Ha aggiunto che la politica dell’occupazione israeliana si basa sulla confisca di tutte le terre e sull’imposizione di un controllo assoluto, una violazione del diritto internazionale. Il rappresentante ha sottolineato la necessità che la Corte internazionale di giustizia prenda le misure necessarie per fermare questa occupazione.

Il rappresentante del Pakistan ha affermato che le pratiche di Israele, tra cui la discriminazione razziale e l’imposizione di un sistema di apartheid, hanno creato una situazione di disuguaglianza che favorisce i coloni rispetto ai nativi palestinesi.

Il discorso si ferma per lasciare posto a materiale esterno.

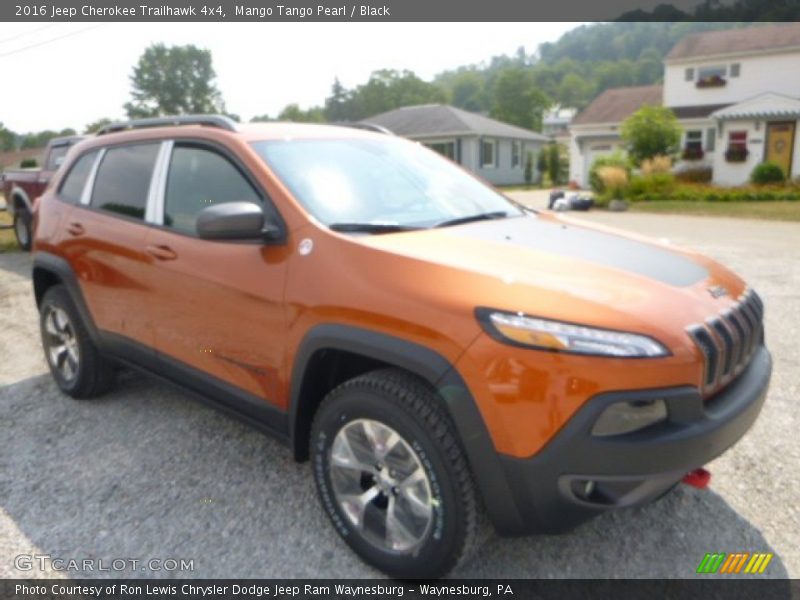 Mango Tango Pearl / Black 2016 Jeep Cherokee Trailhawk 4x4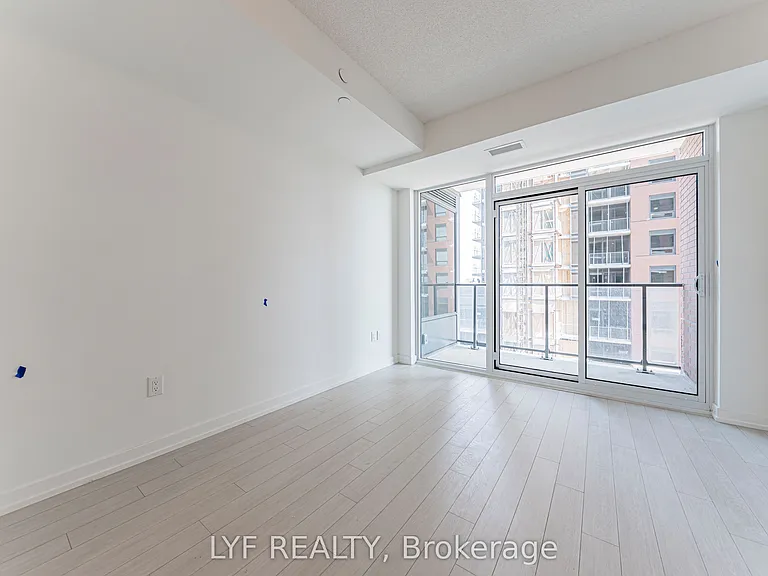 4010 Eglinton Ave W #922 — Photo 11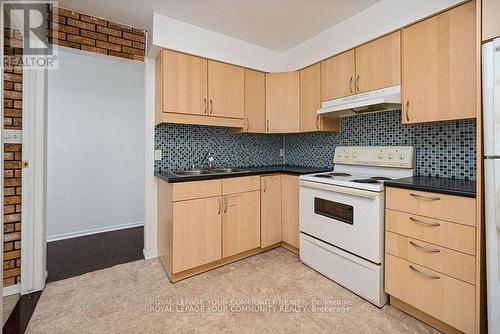 12 - 97 Henderson Avenue, Markham, ON - Indoor Photo Showing Kitchen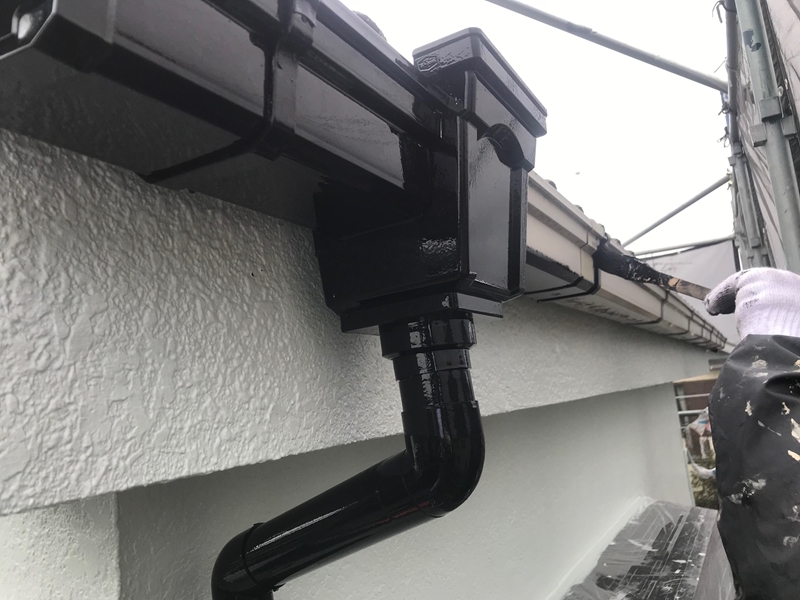 ニッペファインSi ブラックで雨樋塗装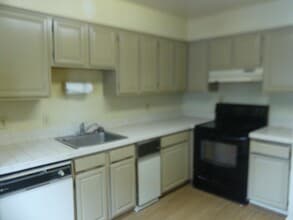 1122 Willow Green Dr in Newport News, VA - Building Photo - Building Photo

Egli considera Gerusalemme una città santa e luogo di nascita di tutte le religioni, ma Israele impedisce sia a cristiani che musulmani di compiere liberamente le loro preghiere, e quindi il Pakistan chiede che venga ripristinato il precedente status quo in questo luogo sacro.

Il rappresentante ha ribadito il sostegno alla soluzione dei due Stati, aggiungendo che il suo Paese ha votato a favore di una risoluzione dell’Assemblea Generale delle Nazioni Unite che chiedeva una soluzione permanente basata sul diritto internazionale e una soluzione a due Stati.

Indonesia: l’occupazione israeliana è illegale e deve cessare.

Il rappresentante dell’Indonesia ha espresso solidarietà con la causa palestinese e ha condannato le palesi violazioni del diritto internazionale da parte di Israele, sottolineando la catastrofe umanitaria che si sta verificando a Gaza.

Ha affermato che l’occupazione israeliana è illegale e deve finire, sottolineando la mancanza di volontà da parte di Israele di rispettare i suoi obblighi legali, come evidente dalla dichiarazione di Netanyahu: “Nessuno ci fermerà, né l’Aja, né l’asse del male, né nessun altro”.

L’inviato ha sottolineato che l’assalto militare israeliano a Gaza ha provocato 30.000 morti palestinesi, mettendo in guardia da una potenziale invasione israeliana su larga scala di Rafah e dal blocco dell’ingresso degli aiuti umanitari a Gaza.

Ha dichiarato che “alcuni Paesi sostengono che la presentazione del parere consultivo mina il processo di pace. Tuttavia, non c’è alcun processo di pace da minare, poiché Israele ostacola continuamente i negoziati e la soluzione dei due Stati attraverso rivendicazioni strategiche e la colonizzazione in corso”.

Il rappresentante ha affermato che “Israele cerca una soluzione unilaterale senza negoziare con i palestinesi e senza esaminare le loro richieste. Israele non ha mostrato alcun interesse per il processo di pace”.

Ha esortato la Corte a fornire un parere sulle conseguenze legali delle violazioni dell’occupazione israeliana, chiedendo alla Corte di chiarire i passi futuri che le Nazioni Unite e gli Stati membri dovrebbero intraprendere.